Calm before the storm, viewed through my tent mesh.


sunny paddle


focaccia with roasted eggplant tapenade and creamy Gorgonzola 


Tuesday, June 8, 2021

Advanced Retreat

I've made almost enough trips down to the basement to know where most of the food is now.  We have a fairly ingenious storage system given our restricted utilities capacity, making due with a couple freezers that run at night, a few propane-fueled fridges, and a half-dozen coolers fortified with ice packs.  There is enough electricity to run the KitchenAid mixer, though fucking up your chocolate frosting takes a noticeable toll on the battery bank.  Most often the stereo plays at a moderate volume, but once guests depart after breakfast, it's fun to crank up Dead Kennedys to finish washing dishes.

It's hard to say if the lake is really slightly warmer or we're building up our cold-water tolerance.  The level is rising as more mountain snow melts.  I performed my "wet exit" -- turning over and escaping from a kayak -- and can now paddle off on my own (with a radio, don't worry, mom).  Which will be a nice break in my routine of reading in my tent before dinner shifts start.

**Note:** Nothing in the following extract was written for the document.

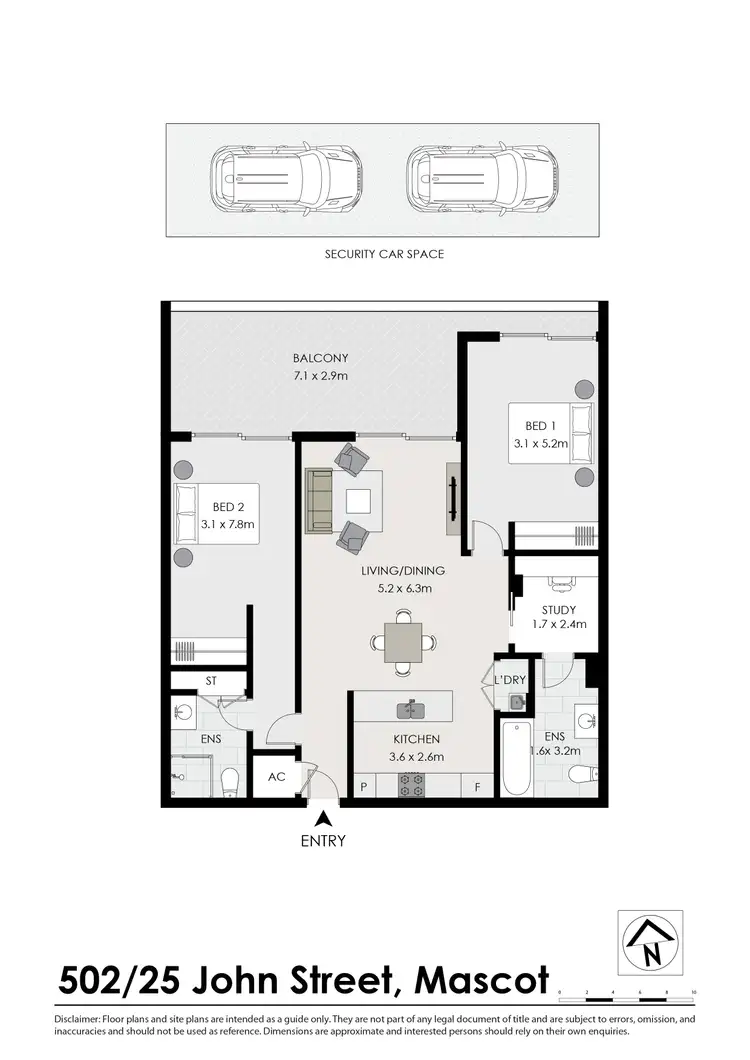 Floorplan of Homely apartment listing, 502A/25 John St, Mascot NSW 2020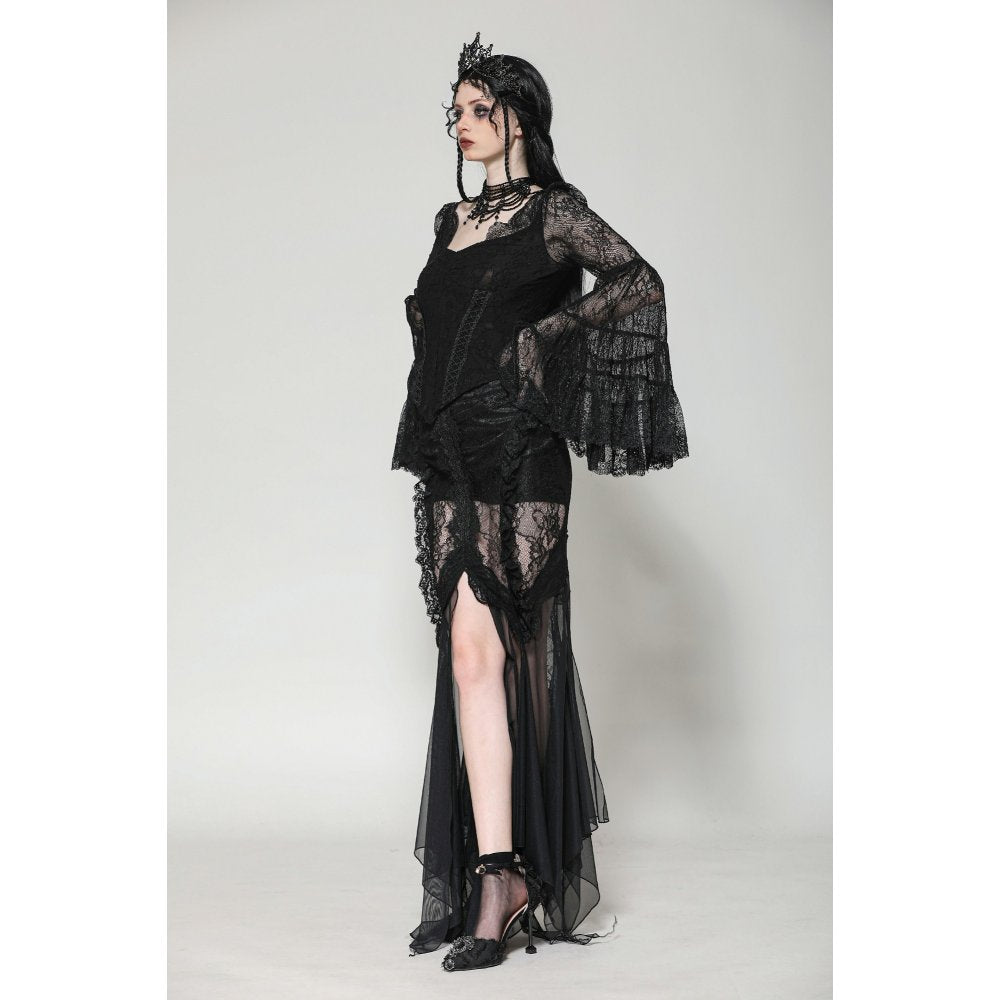 Dark in Love Zuri Gothic Romantic Lace Patchwork Bell-Sleeve Layered Cuff Top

This weekend is a combination of group travel and accomplishing tasks that in civilization take five minutes but are woefully futile in the backcountry.  Electronically signing a PDF, getting blood drawn, obtaining camp stove fuel, drinking espresso, downloading episodes of a bizarrely entertaining food-obsessed anime series...  Nine of us crammed into an AirBnB condo to accomplish these and other mundane necessities.  But tomorrow we'll redeem things by hiking to a glacier, and I'll return to the sylvan retreat where I strive to make perfect little lemon tarts and crisp-skinned duck breast.